In 2008, The US Department of Health and Human Services released the Physical Activity Guidelines for Americans in 2008, which states that most health benefits occur when adults participate in at least 150 minutes per week of moderate-intensity or 75 minutes per week of vigorous-intensity aerobic activity, or an equivalent combination of both. Muscle strengthening should be done two or more days per week. The guidelines were updated in a 2015-2020 version to include guidelines for youth; however, the adult guidelines remained the same.
What days of the week you choose to be active doesn’t matter, nor does how you break down the minutes per day. For example, you could try doing activities for 30 minutes per day for 5 days each week, or 50 minutes per day for 3 days each week, at moderate intensity. You can also break up your activity into smaller increments and still benefit. If you are new to physical activity or are short on time (like during work hours), try three 10-minute or two 15-minute sessions per day until you can perform 30 or more minutes of continuous activity in one session.

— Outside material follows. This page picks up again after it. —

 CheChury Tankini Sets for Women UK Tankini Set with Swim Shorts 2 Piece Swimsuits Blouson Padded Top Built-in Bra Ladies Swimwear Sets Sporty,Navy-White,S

To help determine the intensity at which you are participating, you can use this “talk test.” Moderate-intensity activities are those during which you can talk, but not sing. Vigorous-intensity activities are those during which you can talk, but won’t be able to say more than a few words without stopping for a breath. Keep in mind that intensity levels are relative to your fitness level. This means that some activities that were originally “vigorous” may become “moderate” as your body adapts and you become more fit and healthy.
In summary, when you move your body regularly, it will respond to the physical movement with improved fitness and health. The key is to just keep moving.